A Respeito dos Dons Espirituais: Continuacionismo ou Cessacionismo?

Aqui entramos num dos campos mais debatidos dos últimos tempos, desde que o movimento pentecostal, no início do século 20, disse ter restaurado todos os dons espirituais dos tempos apostólicos. Quero destacar quatro aspectos nesse sentido, para contribuir com o debate.

Inicialmente é preciso uma palavra sobre posicionamento teológico, pois geralmente quando alguém assume uma posição, surgem acusações e rótulos nem sempre felizes. Quando alguém se diz calvinista (ou arminiano), isso não significa necessariamente que essa pessoa concorde ou tenha que concordar com absolutamente tudo o que Calvino (ou Armínio) escreveu. Provavelmente os únicos dois que foram absolutamente calvinistas ou arminianos, nesse sentido, foram justamente Calvino e Arminio. Ser um calvinista hoje (como é o meu caso) significa seguir as linhas mestras do pensamento de Calvino, o qual, também pode ser encontrado em outros teólogos como Agostinho, do qual Calvino se dizia devedor, e acima de tudo, porque essas linhas mestras de pensamento são essencialmente bíblicas. E é só por isso que o calvinismo é tão excelente, na minha opinião, justamente por ser profundamente bíblico. O calvinismo não é uma camisa de força. Se fosse, estaria ocupando o lugar da Bíblia, e isso seria um tipo de idolatria. Só para dar um exemplo, hoje em dia, poucos calvinistas seguem o pensamento de Calvino em relação ao Domingo[1]. A maioria prefere seguir a posição da Confissão de Fé de Westminster (CFW)[2]. E alguém diria que a CFW não é calvinista?[3] Ou seja, mesmo que Calvino tivesse advogado uma posição estrita em relação ao cessacionismo ou ao continuacionismo, o fato de alguém adotar uma posição ligeiramente diferente não faz essa pessoa deixar de ser calvinista se ela mantiver as linhas mestras do pensamento reformado. O calvinismo é um sistema de teologia reformada, ou seja, uma correção dos problemas teológicos anteriores, especialmente os sustentados pela tradição romana.
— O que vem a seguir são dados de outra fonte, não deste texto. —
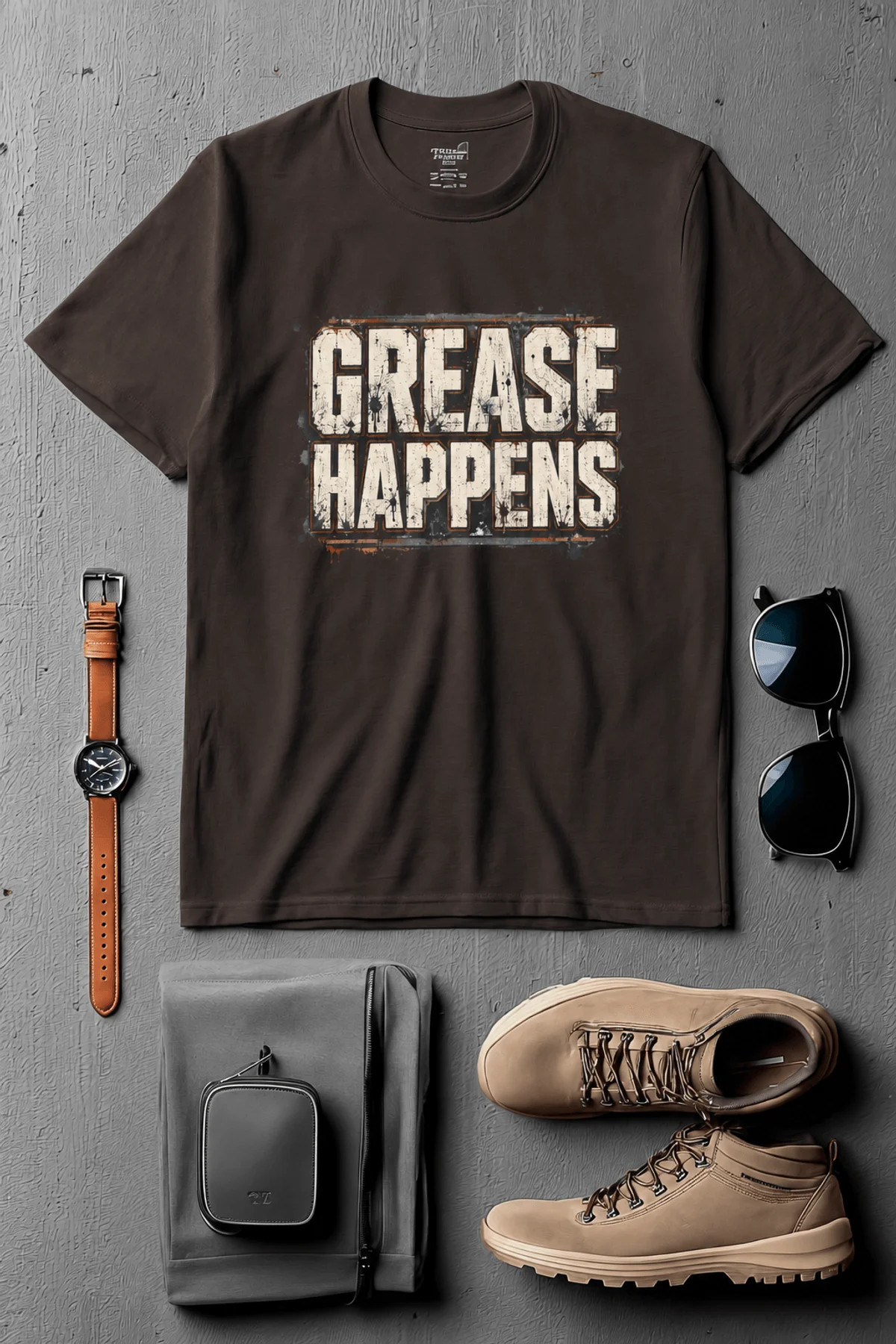 Grease Happens T-Shirt — Funny Mechanic Garage Tee — brown — Flat-lay Grease Happens T-Shirt — Funny Mechanic Garage Tee — brown t-shirt, flat-lay product photo | Pressure Tested Co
Mas não pretende ser a Palavra Final, pois o sistema pode ser continuamente reformado através das Escrituras.

Em segundo lugar, uma palavra deve ser dita sobre os termos. Continuacionismo e cessacionismo, na minha opinião, são termos impróprios. Não só porque não são bíblicos, como porque pretendem se impor sobre a própria Bíblia e, em última instância sobre o próprio Espírito. A Escritura diz que o Espírito concede os dons soberanamente, "conforme lhe apraz" (1Co 12.11). Mas os continuacionistas exigem que ele continue operando os mesmos sinais de outrora, e os cessacionistas exigem que ele não os realize mais. E o fato é que o Espírito Santo não disse nas Escrituras, de uma forma clara e inequívoca, nem uma coisa nem outra. Ao impor a opinião pessoal sobre a soberania do Espírito, ambos os grupos correm o risco de apagar o Espírito (1Ts 5.19). Os primeiros por se esquecerem que há um critério (1Ts 5.21), e os últimos por desprezarem o que Deus pode fazer (1Ts 5.20).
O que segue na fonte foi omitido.